Fazit: Eine gesunde Skepsis gegenüber Fakten­checks kann nicht schaden. Wir erinnern uns an den pein­lichen Fall vor zwei Jahren, als Luisa Neubauer in der ARD-Sendung „Maischberger“ den baye­rischen Wissen­schafts­minister Markus Blume (CSU) fälschlich der Fake News bezich­tigte und be­haup­tete, Deutsch­land sei auch nach dem Ab­schalten der letzten AKW noch Netto-Strom­exporteur. Die ARD-Fakten­checker stellten sich zunächst auf ihre Seite – mussten aber ihren Beitrag nach Protesten dreimal inner­halb von 48 Stunden korri­gieren, bis schließ­lich zu lesen war: Neubauers Behaup­tung war „nicht korrekt“.

Wir waren’s nicht!

Sind auch der Augsburger Allge­meinen – und ihren Partnern Stadt und swa – die jetzt im Rahmen von „Augsburg checkt‘s“ publi­zierten Fakten­checks nicht ganz geheuer?

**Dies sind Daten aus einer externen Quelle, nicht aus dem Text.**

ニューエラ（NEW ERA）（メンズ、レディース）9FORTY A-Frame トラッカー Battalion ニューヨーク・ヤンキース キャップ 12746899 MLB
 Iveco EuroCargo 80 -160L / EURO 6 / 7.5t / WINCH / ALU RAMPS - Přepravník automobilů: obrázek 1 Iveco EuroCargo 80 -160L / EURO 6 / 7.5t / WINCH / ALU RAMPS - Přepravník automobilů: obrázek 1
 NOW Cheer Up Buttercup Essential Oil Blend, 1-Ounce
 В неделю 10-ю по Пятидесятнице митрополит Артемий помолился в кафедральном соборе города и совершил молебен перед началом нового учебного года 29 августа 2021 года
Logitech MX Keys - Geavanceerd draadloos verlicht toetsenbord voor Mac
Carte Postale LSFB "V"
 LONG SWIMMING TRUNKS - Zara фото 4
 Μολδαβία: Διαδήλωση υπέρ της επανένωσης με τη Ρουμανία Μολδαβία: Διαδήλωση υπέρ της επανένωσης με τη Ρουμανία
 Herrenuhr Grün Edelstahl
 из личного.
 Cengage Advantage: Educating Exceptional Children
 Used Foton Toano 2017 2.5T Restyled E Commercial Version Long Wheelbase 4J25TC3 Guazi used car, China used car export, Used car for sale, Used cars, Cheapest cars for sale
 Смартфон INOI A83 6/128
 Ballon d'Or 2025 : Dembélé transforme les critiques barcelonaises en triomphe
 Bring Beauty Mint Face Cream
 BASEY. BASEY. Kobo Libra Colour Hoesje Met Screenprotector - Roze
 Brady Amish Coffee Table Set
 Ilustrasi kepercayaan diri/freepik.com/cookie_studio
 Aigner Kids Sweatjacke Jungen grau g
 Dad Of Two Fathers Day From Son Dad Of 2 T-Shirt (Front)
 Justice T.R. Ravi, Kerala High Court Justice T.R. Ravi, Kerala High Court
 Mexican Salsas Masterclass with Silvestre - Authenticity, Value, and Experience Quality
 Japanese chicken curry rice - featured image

Der Gedanke liegt nahe. Unter jedem Artikel findet sich ein distan­zie­render „Trans­parenz­hinweis“, in dem es heißt, man recher­chiere nicht selbst, sondern publi­ziere nur – und die anderen Partner seien für den Inhalt ohnehin nicht verantwortlich.

Bleibt zu hoffen, dass die Augsburger dem Projekt kritisch begegnen. Um es mit den Worten von Ober­bürger­meisterin Eva Weber zu sagen: „Fakten sind das Funda­ment unserer Demo­kratie. Nur wenn wir Infor­mationen kritisch hinter­fragen und ver­läss­lich ein­ordnen, können wir als Gesell­schaft gute Ent­schei­dungen treffen.“ Das gilt gleicher­maßen für Faktenchecks.